The carrier will begin a service to Lagos, Nigeria, at the end of November with Airbus A330-200s, as well as another to Algerian capital Algiers.
In the first quarter of 2012, Royal Jordanian aims to launch a route to Nairobi in Kenya, said Dabbas.
Routes to Ethiopia's Addis Ababa and Dar es Salaam in Tanzania are also being studied.
Royal Jordanian is looking to these new African links to plug an 80% fall in European tourism traffic to the country this year.
"North American and European tourism has dried up because of the Arab Spring," said Dabbas.
"The tourism sector in Jordan is in crisis mode," he added, despite Jordan itself being known as a stable country without any of the problems of its neighbours.
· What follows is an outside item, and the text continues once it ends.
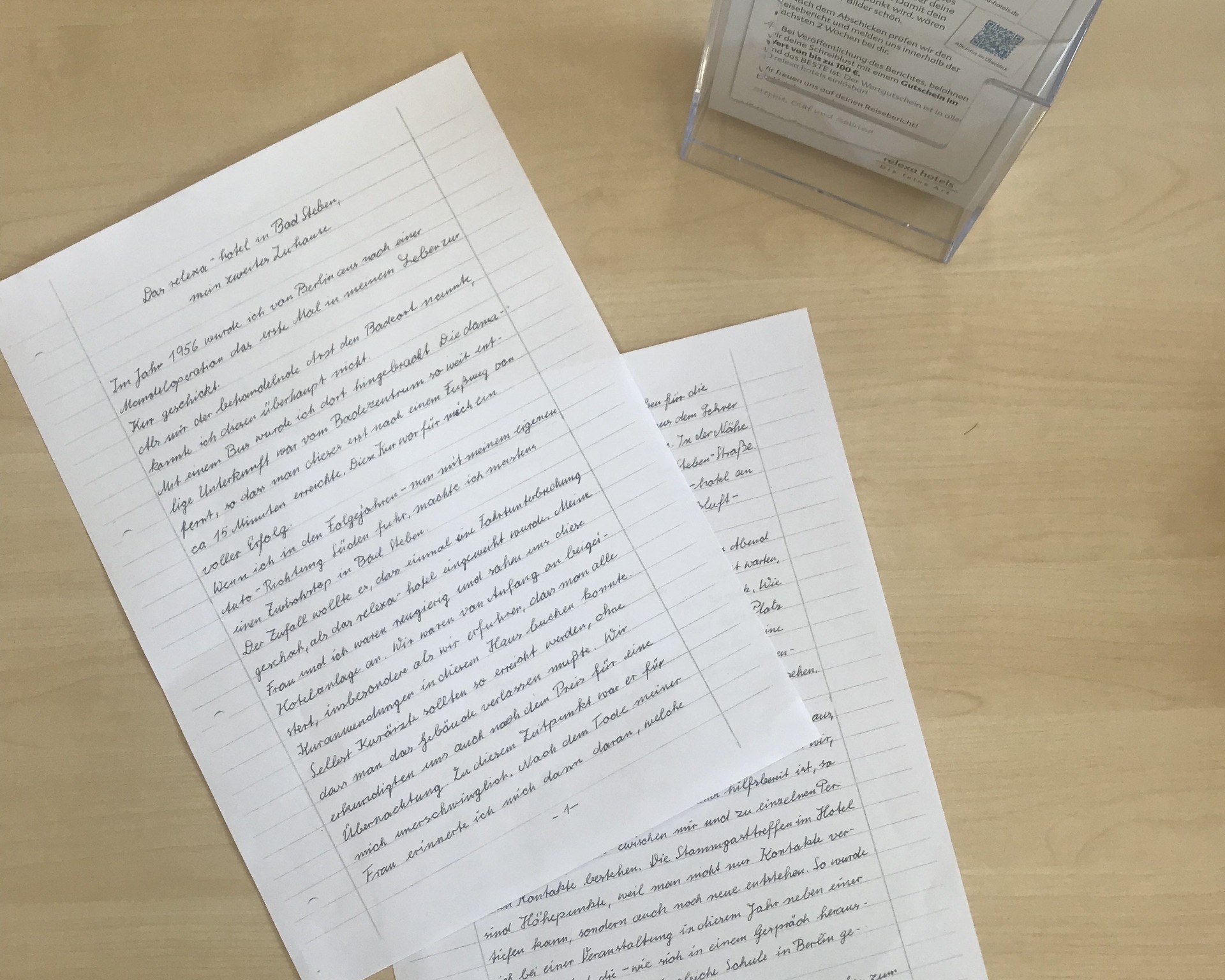 handgeschriebener Reisebericht von Günter handgeschriebener Reisebericht von Günter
Although traffic across the network has risen so far this year by 4% and revenues are up 5%, the carrier's costs have soared by 20%, while yields have dropped, said Dabbas.
"Whatever we're doing, it's as if we are on a treadmill - we're not getting anywhere," he added.
The Arab Spring has also meant other traditionally good markets for the carrier have been hit, said Dabbas.
Its routes to Syria, Libya, Egypt and Yemen, which make up part of its so-called Levant strategy to connect secondary markets around the region away from the gaze of the big Gulf players, have all suffered.
"The entire strategy for the Levant is under pressure. We believe in the strategy but we have to take some actions to bridge [the traffic falls]," said Dabbas.
The carrier will only look at axing routes as a "last option" and prefers to down gauge aircraft types and reduce frequencies instead, he said.
Rising costs and falling yields mean Dabbas expects the carrier to show a full-year loss for 2011. It lost JD39.2 million ($55.2 million) in the first six months of this year.